A common but rare complementary phrase to describe a position player is that he is a “professional hitter”. To me this means a hitter who knows how to move runners by going the other way with a pitch to knock in a run or move a runner, work a count to get on base and generally be someone you want at the plate when the game is on the line to score some runs. The GCL Phillies second baseman Tim Zier fits that description of a hitter I have watched this season.
But I have never heard a pitcher described as a “professional pitcher” but they do have “workmanlike outings”. To me a workmanlike outing is a starting pitcher,who gives you a quality start; does not give up hits with runners in scoring position; gives his team shutdown innings after his team puts up crooked numbers on the scoreboard; throws strikes and averages a strike out an inning but gives up a solo home run or two.

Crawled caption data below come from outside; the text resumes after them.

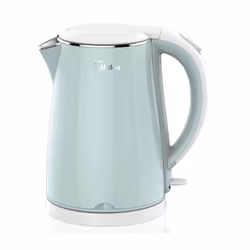 Bouilloire Midea 2200 Watt 1,7 L - Turquoise (MK-HJ1705A)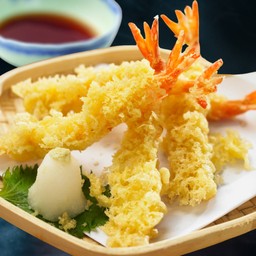 8258.D-Ebi Tempura 5pcs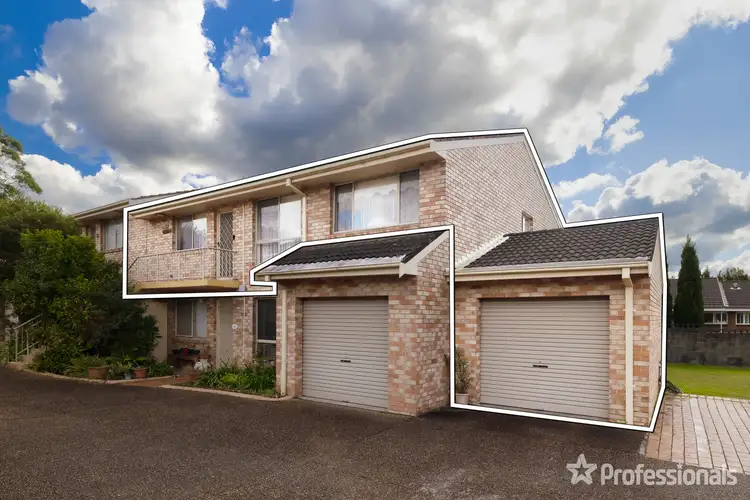 16/255 Henry Parry Drive, North Gosford NSW 2250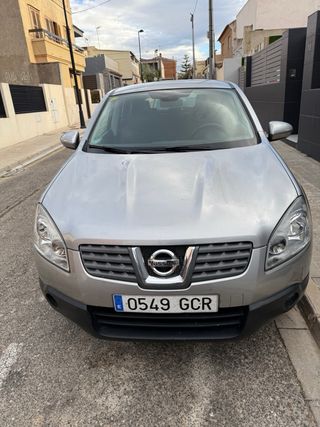 Nissan Qashqai 2008 “UNICO DUEÑO 136.000KM SOLO”
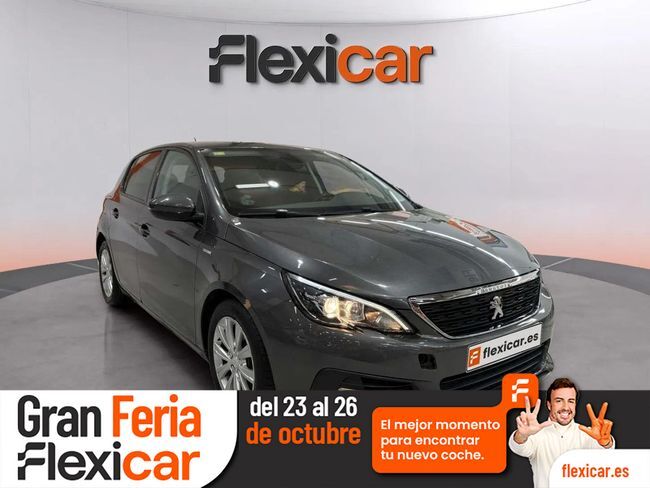 PEUGEOT 308 (5p Style PureTech 130 S&S 6 Vel. MAN) en Barcelona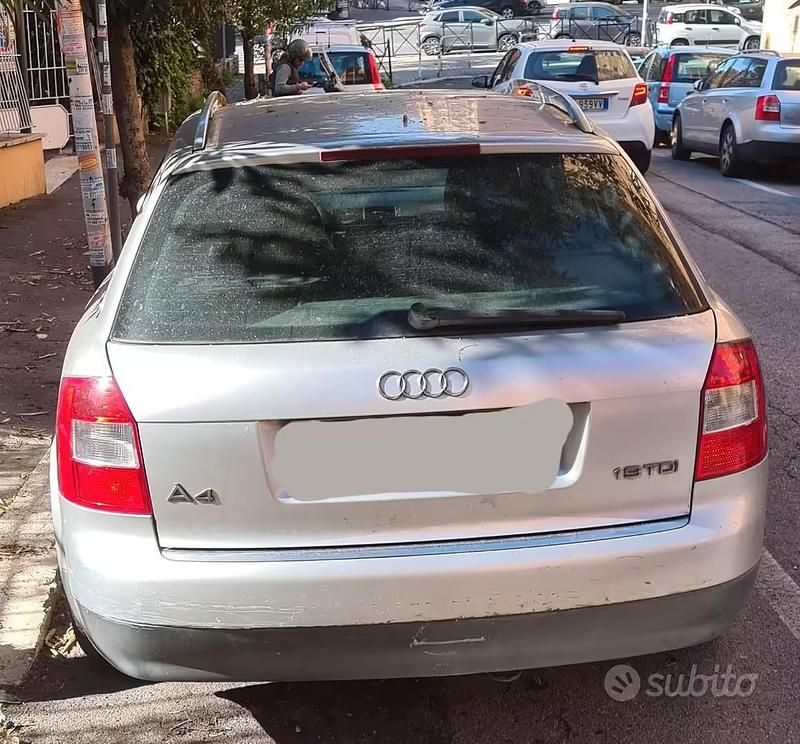 Usata Audi A4 130 CV (95 kW) 2004 Station wagon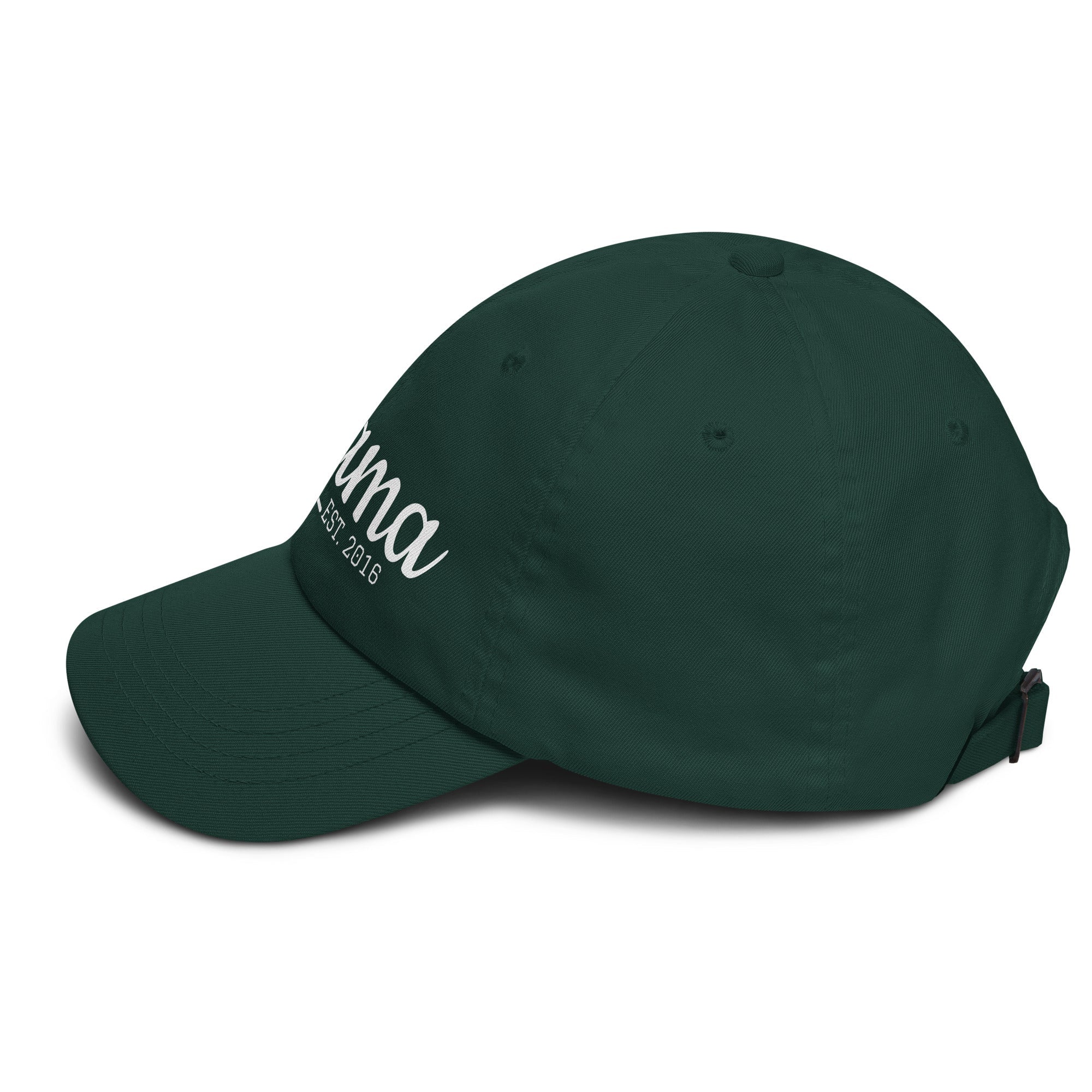 Mama Custom Hat EMBROIDERY – handmade Christian products JLD Designs Co.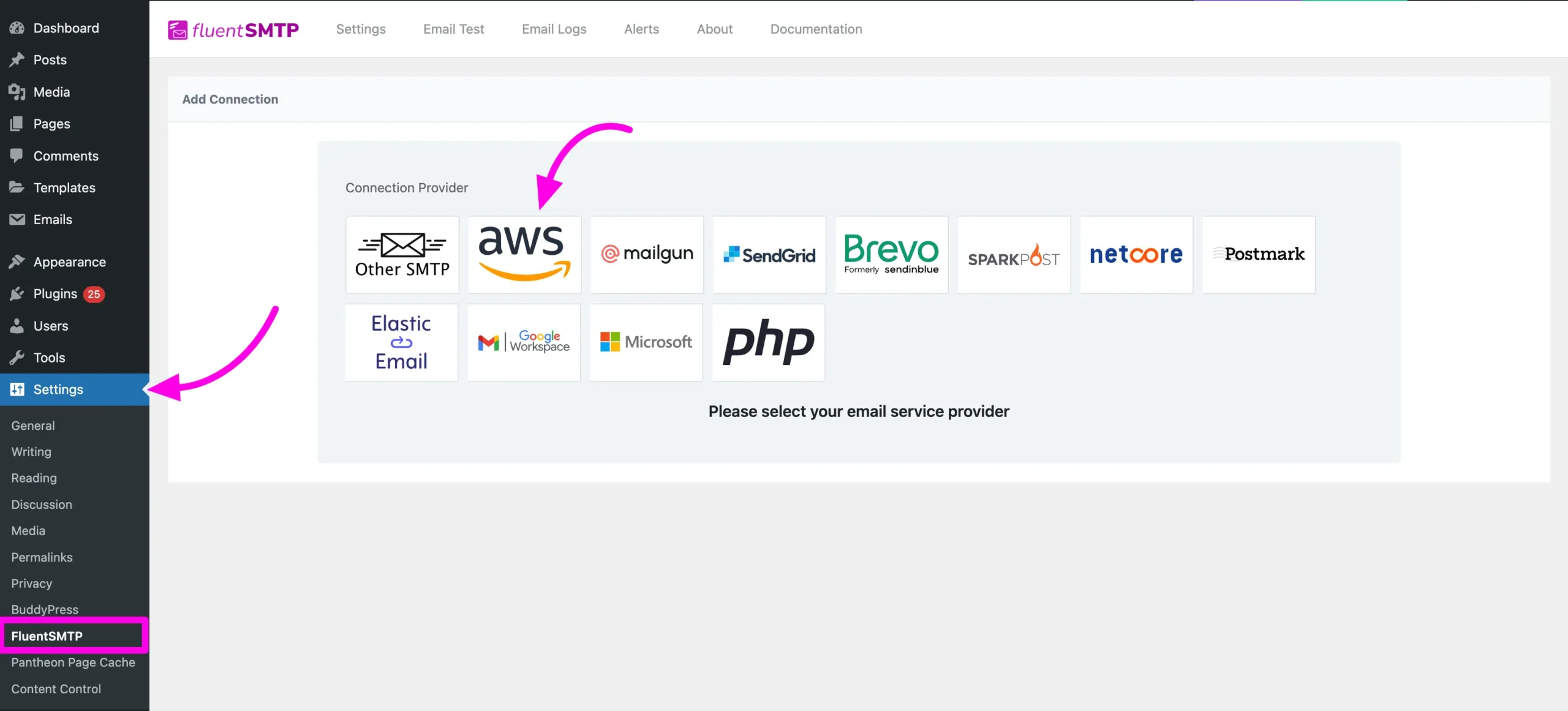 Fluentsmtp Amazon Aws Ses Configure 0 Scaled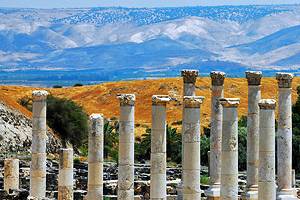Exploring Beit Shean: A Visitor's Guide
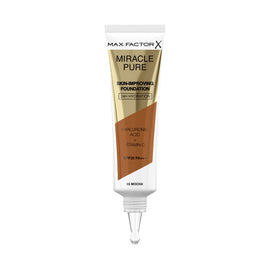 Max Factor Miracle Pure Foundation - 93 Mocha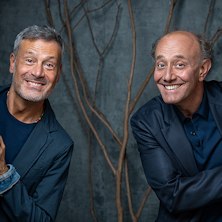 Ale e Franz in "Recital" Teatro Politeama Pratese - IH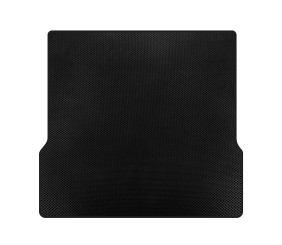 Килимок в багажник (SD, Чорний) для Renault Logan I 2005-2008 рр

That is exactly the kind of game the Clearwater Threshers Colin Kleven pitched Saturday night against the Lakewood Flying Tigers at Bright House. He gave up only two runs, both solo home runs, and left after six inning leading 6-2. Lakeland went 0 for 4 with runners in scoring position in those six innings. When the Threshers scored three runs in the third and fourth innings Kleven shutdown the opposition with no runs in the next innings.
He was strong all night even with an umpire who had a tight strike zone with no corners. Someone called it a round plate. Still Colin fanned seven and walked only one to pick up the win as the Threshers held on to win 7-5 after a typical bullpen struggle. See several of Kleven’s “strike threes” HERE, HERE, HERE, HERE, HERE. His final pitch in the sixth inning was his best pitch of the game as he overpowered a Flying Tiger for a swinging strike three with a pitch on the outside part of the plate. HERE.
Colin Kleven is on the verge of a break out season over his last several starts. In his last four starts he is 3-1 with a 1.80 ERA. In those 25 innings he has given up only 17 hits, five earned runs and struck out 24.
On Saturday night Kleven exceeded the pitching metrics I look for in a starting pitcher of a strikeout an inning and a better than a 3 to 1 strike out to walk ratio over at least six innings of work.
The 6’5″, 23 year old native of British Columbia, Kleven is in his sixth season in the Phillies organization. He was drafted by the Phillies in the 33 round of the 2009 draft as an 18 year old . He will be eligible for the Rule Five draft in December if the Phillies do not protect him on the 40 man roster.
The way he has been pitching would certainly get the attention of rebuilding teams looking for a way to take a chance to pick up a young starting pitching piece for only $50,000. He is after all giving workmanlike performances start after start in the second half of this season.